Out of the Cave and Into the Light

Out of the Cave and Into the Light

20 April, 2017


Ali and his wife finally feel like they have been given a new lease on life.

It has been a long, difficult road since they first came to Australia as refugees from Iran. Ali still fears for his life and the safety of family back home, so we are using an alias to protect his identity.

“When we came to Australia, we had no friends, we couldn’t have any communication with society because we didn’t know English, and so this college took us from our cave and brought us out into society.”

The couple have completed their Certificate III in Individual Support (aged care) at Macquarie Community College and, now working, are also due to complete their Certificate IV in mid April.

Every year, Macquarie assists immigrants like Ali who struggle to gain traction in work, study and community their new country. Without fluency in English, they can get stuck in a cycle of isolation, depression and menial work where they’re taken advantage of by unscrupulous employers.

Community colleges provide crucial services in their settlement journey, allowing them to feel like they can be of value like they once were before war and circumstances tore their lives apart.

Inez completed the same Certificate III course in aged care as Ali. She came to Sydney from China six years ago to do a course at another RTO. She jokes, “I did not even understand enough English to know what course I was doing!”

Dropping out, she picked up a job in a Chinese restaurant where she rarely spoke English because of her Chinese customers and colleagues. Her social life revolved around her own cultural group and after a while she realised there was no benefit in living in a foreign country so far away from family.

“I thought, what’s the point of spending my whole life as a waitress in a restaurant in Australia?”

After one more false start at study, Inez finally commenced her Certificate III course at Macquarie Community College. She has now completed her qualification and is working as a community care worker for HammondCare.
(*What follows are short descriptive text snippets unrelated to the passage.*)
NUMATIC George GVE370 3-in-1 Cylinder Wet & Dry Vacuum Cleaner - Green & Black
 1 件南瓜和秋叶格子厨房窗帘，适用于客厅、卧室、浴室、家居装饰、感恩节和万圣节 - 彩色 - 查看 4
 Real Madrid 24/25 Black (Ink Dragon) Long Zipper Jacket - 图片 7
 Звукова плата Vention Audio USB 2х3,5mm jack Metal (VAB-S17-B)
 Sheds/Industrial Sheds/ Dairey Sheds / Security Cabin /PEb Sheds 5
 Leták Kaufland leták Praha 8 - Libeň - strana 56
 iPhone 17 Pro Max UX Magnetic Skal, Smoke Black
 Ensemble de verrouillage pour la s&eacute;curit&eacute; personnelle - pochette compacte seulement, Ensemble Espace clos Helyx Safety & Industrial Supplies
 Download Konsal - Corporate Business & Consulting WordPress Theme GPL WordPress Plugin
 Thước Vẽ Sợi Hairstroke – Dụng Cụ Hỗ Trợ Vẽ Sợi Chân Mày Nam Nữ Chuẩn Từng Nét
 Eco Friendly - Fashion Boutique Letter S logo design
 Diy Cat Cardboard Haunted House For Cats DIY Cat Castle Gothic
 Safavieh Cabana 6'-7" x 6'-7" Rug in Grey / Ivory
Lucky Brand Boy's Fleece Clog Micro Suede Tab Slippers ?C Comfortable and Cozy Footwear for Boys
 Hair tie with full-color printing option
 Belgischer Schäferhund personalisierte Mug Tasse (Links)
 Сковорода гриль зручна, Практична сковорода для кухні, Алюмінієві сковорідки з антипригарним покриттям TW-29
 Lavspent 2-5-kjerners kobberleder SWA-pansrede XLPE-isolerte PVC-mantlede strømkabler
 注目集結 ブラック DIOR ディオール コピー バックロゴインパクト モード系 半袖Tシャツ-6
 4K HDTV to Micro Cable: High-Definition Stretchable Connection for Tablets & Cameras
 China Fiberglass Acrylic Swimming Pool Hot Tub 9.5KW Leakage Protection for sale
Macquarie provides an effective learning ladder for students seeking vocational training and work. They can enter at any level on this ladder and move as many rungs as they wish to, beginning with English language Level 1 if necessary in readiness for career training.

Once confident with their English, they move to vocational courses with trainers who have many years of experience working with students who require additional English language support. Our trainers also work closely with support agencies in Western Sydney if their students require additional settlement assistance.

“Community colleges are integral to the broader training framework, where a one-size-fits-all model just doesn’t provide the support needed by students who have very specific needs,” says Ms Theresa Collignon, college CEO. "Some of our students have been traumatised by their experiences and they tend to find our College a safe place where they can get back on their feet." 

The difference that enables the College to provide this level of support is NSW Government funding. Called Community Services Obligation (CSO), this funding allows students to access additional language, literacy and numeracy (LLN) support if need be in the form of parallel English programs with a unique care services orientation.

Trainers like Kate (photograph) work with the LLN team members to specially tailor learning resources that focus on grammar, report writing, and pronunciation of professional medical terminology. In their multi-cultural classroom, they take a slower pace of learning, use simple, descriptive language, and break down questions.

“I build scenarios that are reflective of course literature and help my students apply knowledge in real life work placements, then get them to explain the situations to each other in class. We look at the cultural diversity that exists in the framework of the course and share traditional practises,” she says.

Vocational placement also plays a key role in the students’ progress from study to work. Encouraging students to take this as an opportunity to impress potential employers, and carefully matching them with service providers within half an hour’s travel from their home leads to 85 percent of aged care and community services students gaining employment by the time they graduate.

“The College is invested in providing a supportive and friendly environment, where students feel respected, valued and supported as they improve their English and reach their full potential,” says Ms Collignon.

“One of our greatest joys is to watch students who benefit from our supportive programs graduate and move on to learning success and long term employment.”